Die Kolumne
In loser Folge gehen unsere Autor*innen zum Bahnhofskiosk, entdecken dort Zeitschriften und schreiben hier (wieder) darüber.
Ein Loch. Laut Schulbuchdefinition ist das eine „Stelle in einer homogenen Masse, an der Substanz fehlt“. Im Fall vom neuen Wirtschaftsmagazin „weil.“, das sich an Kinder richtet, stimmt das: ganz links oben in der Ecke herrscht Substanzlosigkeit. Dort bohrt sich ein Loch durch das Heft zum Knibbeln, Schleudern, Popeln. Um es herum ist allerdings jede Menge Substanz.
Das liegt vermutlich daran, dass gleich zwei Publikations-Hochkaräter das Heft entwickelt haben: Hinter „weil.“ stecken der Kinderbuchverlag Carlsen und die Brand Eins Medien AG. Herausgekommen ist nun ein erstes Heft, das sich dem komplexen Thema kindgerecht widmet, ohne es sich kinderleicht zu machen und einfach „Pinke, Pinke“ abzubilden. Das muss es auch, weil Kinder schnell durchschauen, wenn man sie für doof hält. Dann fassen sie so ein Heft nicht an. Nicht mal für Geld.
In loser Folge gehen unsere Autor*innen zum Bahnhofskiosk, entdecken dort Zeitschriften und schreiben hier (wieder) darüber.
„Entdecke, wie alles zusammenhängt“, ist der Claim von „weil.“. „Wir fanden es wichtig, Kindern zeitgemäß aber nicht anbiedernd zu erklären, wie Wirtschaft funktioniert“, erzählt Susanne Risch, die Chefredakteurin des Heftes wie auch der Brand Eins Medien AG insgesamt. Zusammen mit Guido Neuhaus vom Carlsen Verlag hat sie das Heft konzipiert.
Man hört dem Satz nicht an, wie lang die Abende mitunter waren, bis das Heft stand. Und wie schwierig es sein muss, Kindern zwischen neun und elf Jahren ein System zu erklären, bei dem Eltern meist selbst kapitulieren und sich mit „Frag Finn“ (eine Kindersuchmaschine) herausreden. Wie kreativ man sein muss, einen Titel zu finden, der nicht englisch, nicht spießig, nicht pseudo-lustig, nicht lautmalerisch, nicht abgenutzt, nicht vergessbar, nicht albern, nicht ausgrenzend, nicht dämlich ist. Wie man nicht pädagogisch, weil das schon tagsüber passiert, aber dennoch mit Haltung, informiert, erklärt, einordnet – und das bei einer Zielgruppe, die weder Englisch noch Bruchrechnung kann.

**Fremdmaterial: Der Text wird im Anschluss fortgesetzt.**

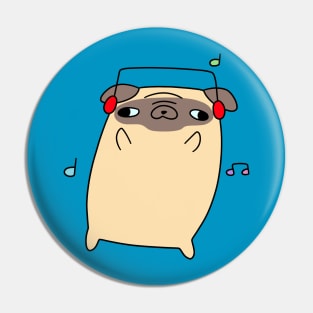 Dancing Headphones Pug Pin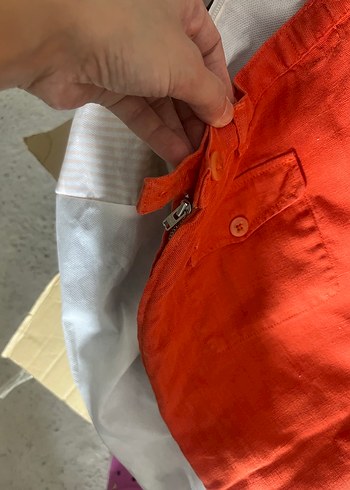 Kırmızı Keten Midi Etek - Görsel 3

Auch die Frage, wie lang Texte eigentlich sein dürfen, bevor Kinder aussteigen, mussten Susanne Risch und Guido Neuhaus klären. Schließlich ist die Hauptzielgruppe noch in der Grundschule. Die beiden haben entschieden: bis zu 6.000 Zeichen. Im Magazin macht das ganze acht Seiten, die mit vielen graphischen Elementen daherkommen, sodass man immer wieder aus- und einsteigen kann, und trotzdem nicht den Faden verliert.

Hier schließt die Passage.